This decline in November is largely attributed to drop in the value of permits issued by municipalities for commercial space, off 23.4% to $1.26-billion. Also, multi-family dwellings like condominiums fell 22.4% to $1.08-billion.
In terms of residential permits, the decrease occurred mainly in British Columbia, where there was a significant fall in the value of multi-family permits since October, which was at its highest in May 2007. Alberta, Manitoba and Prince Edward Island also registered decreases
In total, residential permits fell by 7.2% to $3.2-billion. Seven provinces reported including British Colombia, Ontario and Newfoundland and Labrador. On the other side of the equation, Quebec experienced the largest increase by far.
There were some increases in residential permits. Intentions for single-family dwellings increased 3.4% to $2.1 billion, counteracting a 9.3% decrease in October.
Across the country, municipalities approved 14,136 new dwellings in November, down 13.4% from October. The decline came from multi-family dwellings, which fell 24.1% to 7,428 units, while single-family dwellings rose 2.6% to 6,708 units.

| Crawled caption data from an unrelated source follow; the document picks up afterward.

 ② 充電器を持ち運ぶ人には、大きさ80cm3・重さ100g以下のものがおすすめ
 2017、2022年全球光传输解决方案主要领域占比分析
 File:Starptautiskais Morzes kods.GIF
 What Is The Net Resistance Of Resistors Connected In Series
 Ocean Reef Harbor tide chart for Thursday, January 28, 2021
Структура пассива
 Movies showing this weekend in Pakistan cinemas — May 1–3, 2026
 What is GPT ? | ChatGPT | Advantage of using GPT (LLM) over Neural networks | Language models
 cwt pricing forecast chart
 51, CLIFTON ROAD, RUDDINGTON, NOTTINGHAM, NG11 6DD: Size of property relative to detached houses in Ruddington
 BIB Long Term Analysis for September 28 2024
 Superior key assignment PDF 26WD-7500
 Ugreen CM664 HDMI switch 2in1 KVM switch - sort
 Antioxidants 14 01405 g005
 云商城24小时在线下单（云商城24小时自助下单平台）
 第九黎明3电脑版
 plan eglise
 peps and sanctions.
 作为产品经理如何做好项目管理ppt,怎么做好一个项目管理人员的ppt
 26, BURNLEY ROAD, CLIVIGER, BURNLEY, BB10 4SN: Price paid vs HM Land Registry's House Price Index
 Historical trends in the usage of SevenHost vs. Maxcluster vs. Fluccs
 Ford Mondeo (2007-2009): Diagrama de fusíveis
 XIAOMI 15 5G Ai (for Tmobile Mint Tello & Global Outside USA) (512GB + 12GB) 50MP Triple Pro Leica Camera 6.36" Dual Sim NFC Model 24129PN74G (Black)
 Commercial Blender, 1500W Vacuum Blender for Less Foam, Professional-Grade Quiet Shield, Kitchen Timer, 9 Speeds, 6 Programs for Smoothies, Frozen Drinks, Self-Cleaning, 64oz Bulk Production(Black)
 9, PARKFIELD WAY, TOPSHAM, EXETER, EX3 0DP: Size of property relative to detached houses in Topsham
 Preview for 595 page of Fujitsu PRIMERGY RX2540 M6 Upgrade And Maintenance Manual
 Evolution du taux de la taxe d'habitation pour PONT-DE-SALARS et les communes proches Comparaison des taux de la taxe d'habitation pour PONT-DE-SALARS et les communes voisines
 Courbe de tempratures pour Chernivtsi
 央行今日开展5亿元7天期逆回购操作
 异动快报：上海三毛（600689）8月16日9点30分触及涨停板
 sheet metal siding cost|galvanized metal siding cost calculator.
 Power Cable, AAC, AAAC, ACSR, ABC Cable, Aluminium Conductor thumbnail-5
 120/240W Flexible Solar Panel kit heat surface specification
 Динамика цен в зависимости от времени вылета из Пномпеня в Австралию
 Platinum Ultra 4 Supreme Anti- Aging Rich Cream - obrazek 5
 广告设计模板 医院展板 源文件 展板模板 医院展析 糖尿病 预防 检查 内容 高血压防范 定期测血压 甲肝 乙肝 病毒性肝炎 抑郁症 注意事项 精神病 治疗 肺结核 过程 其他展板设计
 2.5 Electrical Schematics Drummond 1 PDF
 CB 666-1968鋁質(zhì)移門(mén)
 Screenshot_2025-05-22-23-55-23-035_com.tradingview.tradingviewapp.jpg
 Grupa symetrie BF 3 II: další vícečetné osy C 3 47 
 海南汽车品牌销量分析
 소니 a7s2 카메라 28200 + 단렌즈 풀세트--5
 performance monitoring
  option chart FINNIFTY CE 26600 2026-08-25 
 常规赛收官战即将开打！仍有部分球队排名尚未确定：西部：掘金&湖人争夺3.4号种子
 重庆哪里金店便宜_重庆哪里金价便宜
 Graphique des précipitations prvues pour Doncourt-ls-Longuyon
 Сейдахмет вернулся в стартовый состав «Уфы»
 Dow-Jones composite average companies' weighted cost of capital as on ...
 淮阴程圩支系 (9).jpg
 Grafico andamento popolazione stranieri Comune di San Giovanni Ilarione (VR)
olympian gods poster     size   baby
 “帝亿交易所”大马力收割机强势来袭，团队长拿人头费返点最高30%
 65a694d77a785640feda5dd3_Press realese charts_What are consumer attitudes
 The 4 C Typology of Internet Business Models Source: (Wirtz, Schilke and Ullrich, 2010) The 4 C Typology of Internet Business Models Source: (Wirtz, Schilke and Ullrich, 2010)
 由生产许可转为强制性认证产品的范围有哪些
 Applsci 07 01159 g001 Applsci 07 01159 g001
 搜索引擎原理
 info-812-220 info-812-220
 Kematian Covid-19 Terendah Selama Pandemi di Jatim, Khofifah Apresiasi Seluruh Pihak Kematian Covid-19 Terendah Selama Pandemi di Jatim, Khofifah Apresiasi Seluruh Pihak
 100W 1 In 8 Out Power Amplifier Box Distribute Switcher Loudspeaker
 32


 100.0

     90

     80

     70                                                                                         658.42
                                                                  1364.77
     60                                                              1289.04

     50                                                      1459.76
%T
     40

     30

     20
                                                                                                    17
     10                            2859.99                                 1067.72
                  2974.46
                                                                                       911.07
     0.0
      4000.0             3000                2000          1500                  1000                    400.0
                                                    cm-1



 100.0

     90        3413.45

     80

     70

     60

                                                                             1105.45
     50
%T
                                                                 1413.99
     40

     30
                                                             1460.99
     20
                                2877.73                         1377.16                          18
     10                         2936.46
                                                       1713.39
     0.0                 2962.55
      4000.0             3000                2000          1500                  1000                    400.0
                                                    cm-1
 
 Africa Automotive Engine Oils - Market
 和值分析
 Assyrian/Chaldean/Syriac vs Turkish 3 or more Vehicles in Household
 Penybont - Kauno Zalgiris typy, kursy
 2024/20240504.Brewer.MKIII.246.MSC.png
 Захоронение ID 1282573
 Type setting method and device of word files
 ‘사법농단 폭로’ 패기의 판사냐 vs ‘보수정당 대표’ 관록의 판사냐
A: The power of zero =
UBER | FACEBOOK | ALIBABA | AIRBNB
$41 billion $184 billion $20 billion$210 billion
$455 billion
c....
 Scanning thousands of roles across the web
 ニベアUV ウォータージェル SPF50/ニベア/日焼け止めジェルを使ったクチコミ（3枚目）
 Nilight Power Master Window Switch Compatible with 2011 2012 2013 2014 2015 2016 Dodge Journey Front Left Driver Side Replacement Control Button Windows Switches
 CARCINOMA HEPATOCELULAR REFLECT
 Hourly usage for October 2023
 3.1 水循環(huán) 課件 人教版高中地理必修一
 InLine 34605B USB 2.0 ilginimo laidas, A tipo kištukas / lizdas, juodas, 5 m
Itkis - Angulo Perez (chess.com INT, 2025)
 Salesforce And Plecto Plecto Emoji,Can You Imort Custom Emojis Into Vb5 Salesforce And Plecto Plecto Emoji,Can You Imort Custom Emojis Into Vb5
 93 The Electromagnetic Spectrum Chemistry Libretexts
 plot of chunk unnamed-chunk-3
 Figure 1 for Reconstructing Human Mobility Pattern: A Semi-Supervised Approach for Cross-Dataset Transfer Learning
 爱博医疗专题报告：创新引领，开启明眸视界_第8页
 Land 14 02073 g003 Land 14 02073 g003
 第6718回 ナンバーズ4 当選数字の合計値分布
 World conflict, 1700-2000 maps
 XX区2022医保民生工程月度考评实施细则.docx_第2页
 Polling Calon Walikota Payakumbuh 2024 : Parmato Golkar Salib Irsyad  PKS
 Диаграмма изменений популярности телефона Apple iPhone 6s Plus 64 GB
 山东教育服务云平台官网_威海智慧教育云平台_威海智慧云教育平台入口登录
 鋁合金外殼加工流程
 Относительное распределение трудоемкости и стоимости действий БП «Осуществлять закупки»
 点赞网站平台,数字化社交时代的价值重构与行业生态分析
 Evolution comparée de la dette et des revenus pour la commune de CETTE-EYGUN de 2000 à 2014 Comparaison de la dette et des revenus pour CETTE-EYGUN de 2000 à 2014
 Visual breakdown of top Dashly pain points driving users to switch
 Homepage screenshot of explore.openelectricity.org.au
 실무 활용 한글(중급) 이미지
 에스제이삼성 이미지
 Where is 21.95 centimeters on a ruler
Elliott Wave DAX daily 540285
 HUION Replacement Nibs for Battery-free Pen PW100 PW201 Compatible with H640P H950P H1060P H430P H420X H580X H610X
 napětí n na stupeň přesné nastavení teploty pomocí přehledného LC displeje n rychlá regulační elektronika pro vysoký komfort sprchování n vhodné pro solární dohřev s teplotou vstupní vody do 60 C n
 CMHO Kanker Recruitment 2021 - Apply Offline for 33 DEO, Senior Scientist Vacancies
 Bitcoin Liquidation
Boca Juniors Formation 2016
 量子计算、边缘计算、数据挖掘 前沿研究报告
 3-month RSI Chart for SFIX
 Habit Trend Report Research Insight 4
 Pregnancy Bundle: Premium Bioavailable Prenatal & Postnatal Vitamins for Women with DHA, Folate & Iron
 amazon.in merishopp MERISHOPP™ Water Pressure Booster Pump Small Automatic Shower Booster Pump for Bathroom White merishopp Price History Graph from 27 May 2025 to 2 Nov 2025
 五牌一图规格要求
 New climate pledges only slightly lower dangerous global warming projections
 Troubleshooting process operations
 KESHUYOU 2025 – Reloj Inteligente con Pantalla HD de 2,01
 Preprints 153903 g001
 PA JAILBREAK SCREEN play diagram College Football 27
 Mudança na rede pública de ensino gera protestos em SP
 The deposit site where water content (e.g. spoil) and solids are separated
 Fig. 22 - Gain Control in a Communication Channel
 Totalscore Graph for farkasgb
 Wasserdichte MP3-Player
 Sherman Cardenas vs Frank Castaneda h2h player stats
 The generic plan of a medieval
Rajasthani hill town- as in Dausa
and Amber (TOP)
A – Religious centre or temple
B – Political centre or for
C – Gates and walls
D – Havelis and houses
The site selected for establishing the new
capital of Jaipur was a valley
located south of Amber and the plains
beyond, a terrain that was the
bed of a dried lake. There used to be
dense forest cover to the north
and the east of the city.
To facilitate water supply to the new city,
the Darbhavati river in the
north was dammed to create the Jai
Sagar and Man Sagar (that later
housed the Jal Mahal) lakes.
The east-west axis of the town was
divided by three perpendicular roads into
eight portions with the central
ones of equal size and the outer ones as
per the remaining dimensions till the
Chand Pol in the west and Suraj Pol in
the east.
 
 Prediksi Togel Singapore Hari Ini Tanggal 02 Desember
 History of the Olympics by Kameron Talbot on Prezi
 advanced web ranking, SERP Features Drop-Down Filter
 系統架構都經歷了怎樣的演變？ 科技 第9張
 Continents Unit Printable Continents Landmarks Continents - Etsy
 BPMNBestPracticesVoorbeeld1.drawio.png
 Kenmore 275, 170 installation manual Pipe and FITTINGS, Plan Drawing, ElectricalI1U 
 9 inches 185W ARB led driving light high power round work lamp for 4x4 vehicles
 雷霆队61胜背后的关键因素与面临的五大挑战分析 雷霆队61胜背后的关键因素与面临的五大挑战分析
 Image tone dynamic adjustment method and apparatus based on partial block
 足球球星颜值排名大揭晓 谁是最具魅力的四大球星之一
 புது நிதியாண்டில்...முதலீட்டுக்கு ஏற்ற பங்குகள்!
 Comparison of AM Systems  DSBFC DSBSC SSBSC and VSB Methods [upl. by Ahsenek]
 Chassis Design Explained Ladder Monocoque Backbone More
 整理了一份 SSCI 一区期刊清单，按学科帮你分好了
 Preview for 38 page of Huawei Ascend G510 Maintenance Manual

Non-residential permits dropped 6.1% to $2.3-billion. Commercially, lower construction intentions came mostly from laboratories in Ontario, which had had actually seen an upswing in October. Similarly, a drop in construction intentions for recreational buildings in many provinces also contributed to the decline.
City to city, many places experienced declines. In total, the value of permits fell in 19 out of the 34 census metropolitan areas. The largest decreases were seen in Vancouver, Toronto and St. John's.
Cities that experienced increases were Montréal, Victoria and Gatineau.